Dudley’s account of the differing approaches to evolutionary theory over the years is one of his stronger sections. I was unfamiliar with this 1853 quote, from an evangelical theologian, Charles Hodge: “For five thousand years, the Church understood the Bible to teach that the earth stood still in space, and that the sun and the stars revolved around it. Science has demonstrated that this is not true. Shall we go on to interpret the Bible so as to make it teach the falsehood that the sun moves around the earth, or shall we interpret it by science, and make the two harmonize?” It is a shame, as Dudley writes, that more evangelicals did not stick with Hodges’ essential sanity on the relationship of science to faith. Dudley also shows that “Intelligent Design” is both a PR sham and a scientific one, which is important because what Catholics may mean by “intelligent design” is not what contemporary evangelicals who are trying to push evolution out of the way mean by “intelligent design.”

But, even here, Dudley seems to accept the indictment of evangelical thought offered by its most secular critics. He offers no bridges between the two. He fails to note that evangelicals too readily accept the indictment of them offered by the secularists, that instead of finding ways to integrate their faith and their reason, they let others define them and their categories. His discussion of how prior biases and worldviews do, or do not, affect our reading of Scripture could have benefited from some time with Newman’s “The Development of Doctrine.” And, while it is true that the issue of tax exemptions for Christian schools galvanized many conservative evangelicals to get involved in politics in the late 1970s, it is not entirely true to say, as Dudley does, that the “evangelical Right, therefore, was not as concerned about abortion initially as it was with defending racially segregated schools.” Many of the schools were not racially segregated, and many evangelicals were simply concerned with government intrusion of any kind.

But, the worst section is the first, in which Dudley grapples with abortion. At one point, he writes: “The question of when moral life begins in a question of how far back the category ‘human’ should extend; the question of the value of human life is a question of how what is already placed in the category ‘human’ should be treated. The mistake many evangelicals make is to conflate the two questions.” I am not exactly sure what he means by this because it sets up a section in which he examines many other issues, such as capital punishment, war, and acceptance of torture, all of which, Dudley argues, evangelicals support. Later, he tries to pick apart the pro-life focus on the innocence of the unborn child, but he never connects that to his earlier equation of abortion with other attacks on human life such as capital punishment. Surely, there is a difference between the moral innocence of an unborn child and that of an assassin or mass murderer. I oppose capital punishment because I believe nothing, not even gross violations of morality, warrant the taking of a human life, but I also see that Dudley is as prone to conflation as others.

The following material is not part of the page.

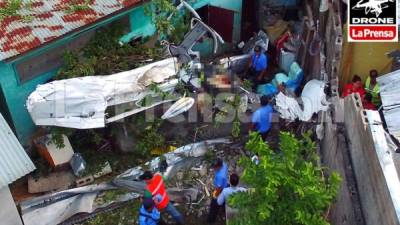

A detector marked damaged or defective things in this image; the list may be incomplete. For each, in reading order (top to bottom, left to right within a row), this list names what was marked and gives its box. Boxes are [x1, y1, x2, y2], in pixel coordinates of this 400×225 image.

damaged house roof [0, 0, 143, 61]
crashed helicopter [26, 1, 223, 128]
damaged house roof [378, 69, 400, 142]
damaged house roof [0, 114, 35, 188]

His position on abortion weakens the further he goes. He writes: “Although the potential to become a person may warrant significant respect – perhaps enough that embryos shouldn’t be deliberately created and destroyed for research purposes – being able to become a person does not make one a person, any more than being an acorn makes one an oak tree.” But, here we are back at the relevant categories and, again, Dudley is confused. Yes, there is a difference between potential personhood and the fulfillment of personhood. Indeed, that difference is marked by a continuum that extends far past birth itself and, as I am hoping, past fifty too! But, an acorn is not going to grow into an elm tree or a maple tree and an embryo is not going to grow into a dog or a cat either. And, besides, you can’t kill dogs or cats for the hell of it.

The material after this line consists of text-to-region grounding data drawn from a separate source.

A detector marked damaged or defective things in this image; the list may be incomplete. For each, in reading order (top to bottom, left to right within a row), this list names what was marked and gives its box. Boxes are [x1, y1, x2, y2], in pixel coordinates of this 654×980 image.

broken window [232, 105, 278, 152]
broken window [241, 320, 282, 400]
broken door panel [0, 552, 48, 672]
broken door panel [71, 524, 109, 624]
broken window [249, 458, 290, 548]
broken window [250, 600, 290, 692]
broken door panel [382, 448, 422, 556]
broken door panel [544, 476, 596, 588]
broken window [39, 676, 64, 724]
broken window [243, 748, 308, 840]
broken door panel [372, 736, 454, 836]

The section that struck me as the most interesting was Dudley’s charge that “the most popular pro-life argument on this front is to hold up enormous pictures of aborted fetuses in public or to show videos of abortions using ultrasound.” I agree that many such pictures are exploitative of the human life being photographed. When Randall Terry has a video with an aborted child on a pillow, I, too, am disgusted. But, surely one of the problems in our culture is our unwillingness to discuss, let alone imagine, what abortion really is. It really is brutal. It really is an act of violence. And, as standard ultrasounds are showing millions of expectant mothers, that is no acorn inside them, that is a child. Dudley considers none of this. He seems to drink the NARAL Kool-Aid as quickly as the evangelicals have drunk the anti-science Kool-Aid.

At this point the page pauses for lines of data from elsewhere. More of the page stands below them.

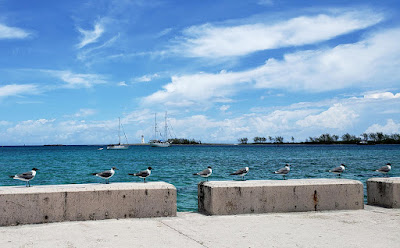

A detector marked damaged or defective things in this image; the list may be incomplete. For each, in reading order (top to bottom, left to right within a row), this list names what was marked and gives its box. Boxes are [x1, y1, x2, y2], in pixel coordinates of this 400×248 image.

crack in concrete [159, 220, 209, 247]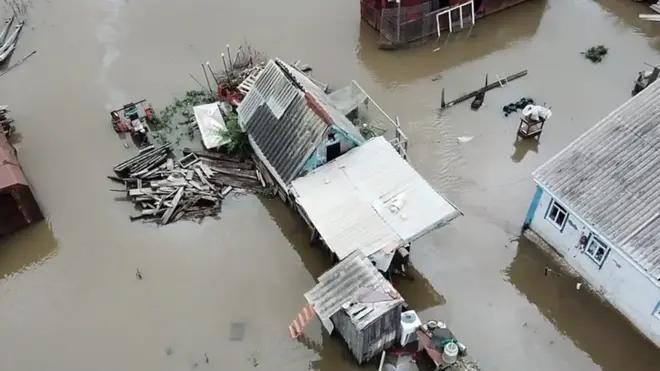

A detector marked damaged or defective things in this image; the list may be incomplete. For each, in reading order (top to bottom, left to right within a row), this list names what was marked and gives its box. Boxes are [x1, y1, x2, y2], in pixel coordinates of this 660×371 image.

rusty metal roof [0, 134, 26, 192]
rusty metal roof [236, 60, 366, 190]
rusty metal roof [532, 80, 660, 280]
rusty metal roof [302, 250, 402, 334]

I had hoped this book would give hope that a new breed of young evangelicals is coming up, more open to the demands and the possibilities of science and reason, less brittle in their interpretation of Scripture, more willing to seek, and to find, nuance and not just certitude in the life of faith. Instead, I am afraid this book has thrown the baby out with the baptismal water. Dudley has abandoned the dogmatism of evangelical conservatives but has embraced a dogmatism of his own, one that tracks neatly with the dominant cultural beliefs of the intellectual status quo. It is a shame he could not have made this book a vehicle for transcending the dogmatisms of each, instead of just jumping from the one to the other.